A certains égards nous pourrions affirmer que nous n’avons jamais été en démocratie, au sens où les inventeurs du régime qui est le nôtre, à savoir la « démocratie représentative », à la fin du XVIIIe siècle haïssaient la démocratie et rejetaient clairement toute perspective de voir le peuple se gouverner lui-même, qu’il s’agisse des révolutionnaires français ou américains. Ils ont inventé une forme de gouvernement qui repose certes sur le principe de la souveraineté du peuple mais organise le transfert du pouvoir de décision à des représentants, supposés plus vertueux et plus sages. Cela a été clairement théorisé. De fait, ce n’est qu’avec l’avènement du suffrage universel et la création des partis de masse au début du XXe siècle que ce régime s’est stabilisé sous la forme que nous lui connaissons, avec une possibilité pour l’ensemble des citoyens, en particulier ceux des catégories populaires, d’être intégrés au système politique. Aujourd’hui, certes notre situation politique apparaît plus enviable que bien d’autres. De fait, le glissement vers l’autoritarisme touche aujourd’hui toutes les sociétés. Il est frappant de voir que pour la première fois depuis la seconde guerre mondiale, au cours de ces cinq dernières années, le nombre de démocraties authentiques dans le monde régresse. Les évolutions en Europe de pays comme la Hongrie, la Pologne ou l’Autriche est inquiétant. L’affirmation de pouvoirs forts, sinon dictatoriaux, en Russie et en Chine et surtout leur contestation du modèle de la démocratie libérale l’est tout autant. Dans un pays comme la France, le renforcement des moyens gouvernementaux de surveillance (inscription de l’Etat d’urgence dans le droit courant), de même que le rétrécissement des espaces de délibération démocratique (recours aux ordonnances, renforcement du pouvoir exécutif au détriment du parlement, prise du pouvoir par les experts, “gouvernement par les nombres” au sens d’Alain Supiot), méritent tout autant que l’on s’interroge sur la fragilité de nos institutions démocratiques.
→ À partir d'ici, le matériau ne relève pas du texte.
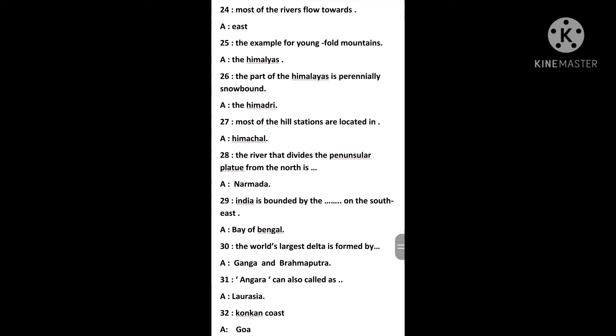Most of the hill stations are located in Himachal. The river that divides the peninsular plateau from the north is Narmada. India is bounded by the Bay of Bengal on the southeast. The world's largest delta is formed by the Ganga and Brahmaputra.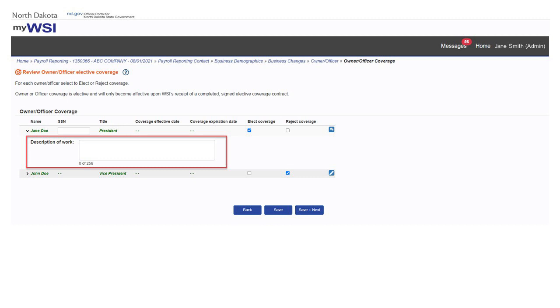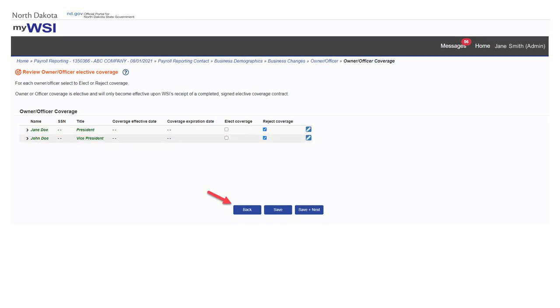Enter description of work performed for each owner-officer for the elected coverage. When you have finished reviewing owner-officer elective coverage information, select save to save the information or select save and next to save and move on to the next page.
Pourquoi insistez-vous sur cette notion et ce besoin de démocratie participative, directe ?
Dès lors que l’on définit l’idéal démocratique comme un idéal d’égale possibilité pour chaque citoyen d’influencer la décision politique, il faut s’interroger sur les limites de l’élection et les travers oligarchiques de nos systèmes démocratiques et prendre au sérieux cette idée de démocratie participative. Dans quelle mesure, aujourd’hui, chaque citoyen a-t-il la possibilité d’influencer le pouvoir de décision ? Dans quelle mesure est-il même informé correctement des choix qui se posent à la collectivité ? Peut-on accepter que les décisions se prennent hors de tout contrôle des citoyens, dans le huis clos confortable de cénacles exclusivement fréquentés par les experts, les élus et quelques représentants de groupes d’intérêt influents ? Ce sont là les véritables enjeux de la démocratie participative : penser différemment le processus de décision et faire en sorte que tous ceux qu’elle affecte puissent avoir la même chance d’y faire entendre leur voix. Nous en sommes encore très loin. Notre conception monarchique du pouvoir et nos institutions interdisent le plus souvent l’ouverture aux citoyens des espaces où se discutent les décisions. Il faut aller vers un processus de représentation véritablement démocratique dans lequel chaque citoyen ou chaque point de vue puisse avoir la possibilité de s’exprimer dans un processus de délibération ouvert. Les représentants et les experts ne peuvent plus prétendre détenir le monopole de la rationalité et de la vérité. Les citoyens sont parfaitement en mesure de comprendre et de contribuer à ce processus de décision. Certes les élus, dans un régime qui reste représentatif, gardent le dernier mot mais la délibération démocratique nous concerne tous.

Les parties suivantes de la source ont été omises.